Work item: Only some lines are wanted. Transcribe, exactly, the lines below from the line with "Dean-Charles Chapman interprète Tommen." up to and including the line with "Pirelli Ice Zero 215/65 R16".

Raw data:
++++++++
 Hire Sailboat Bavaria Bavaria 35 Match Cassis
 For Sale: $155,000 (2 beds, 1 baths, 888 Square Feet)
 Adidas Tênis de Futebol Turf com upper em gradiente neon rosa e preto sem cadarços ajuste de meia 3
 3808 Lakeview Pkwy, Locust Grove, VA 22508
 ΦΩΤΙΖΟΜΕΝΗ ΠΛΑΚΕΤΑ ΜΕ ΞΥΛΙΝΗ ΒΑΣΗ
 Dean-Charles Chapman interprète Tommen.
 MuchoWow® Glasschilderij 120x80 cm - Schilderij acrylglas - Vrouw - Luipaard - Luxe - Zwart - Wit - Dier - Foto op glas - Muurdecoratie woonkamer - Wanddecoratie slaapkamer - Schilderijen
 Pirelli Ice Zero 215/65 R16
++++++++
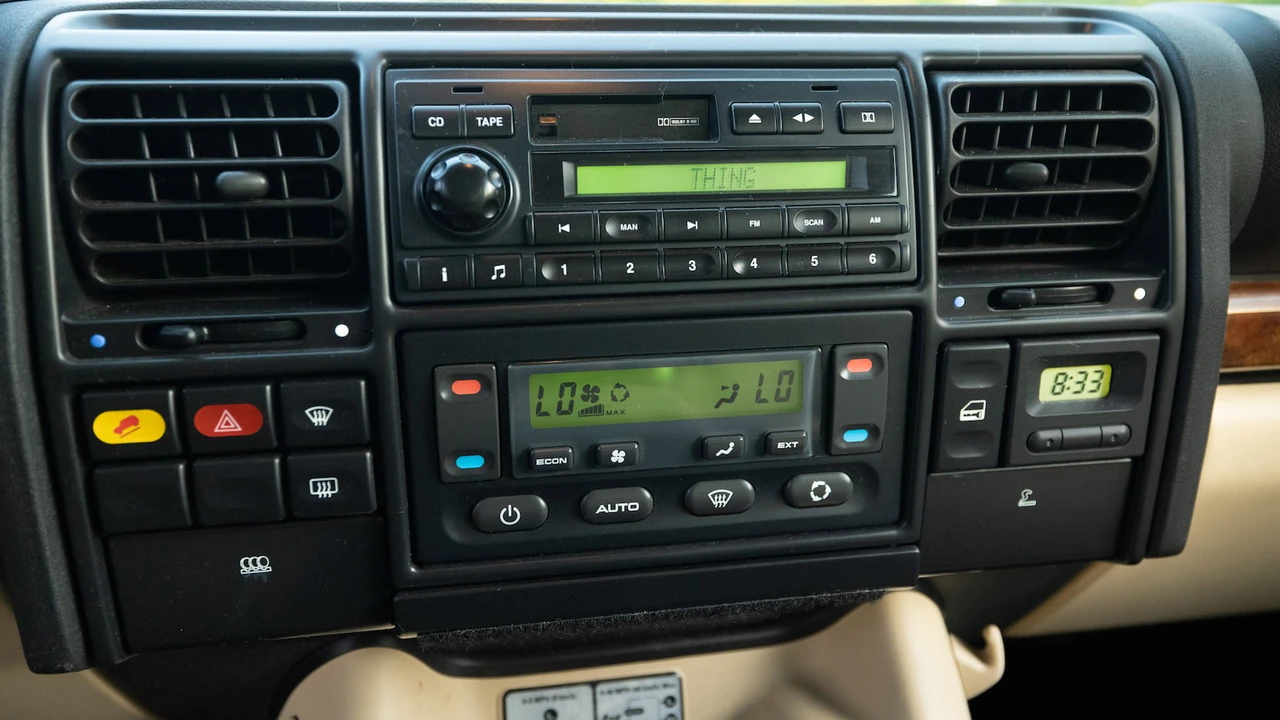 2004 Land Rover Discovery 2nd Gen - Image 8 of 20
++++++++
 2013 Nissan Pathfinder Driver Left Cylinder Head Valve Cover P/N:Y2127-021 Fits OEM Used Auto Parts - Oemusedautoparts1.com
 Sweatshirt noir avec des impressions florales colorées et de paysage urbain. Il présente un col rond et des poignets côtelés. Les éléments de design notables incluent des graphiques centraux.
++++++++
Expected answer:
 Dean-Charles Chapman interprète Tommen.
 MuchoWow® Glasschilderij 120x80 cm - Schilderij acrylglas - Vrouw - Luipaard - Luxe - Zwart - Wit - Dier - Foto op glas - Muurdecoratie woonkamer - Wanddecoratie slaapkamer - Schilderijen
 Pirelli Ice Zero 215/65 R16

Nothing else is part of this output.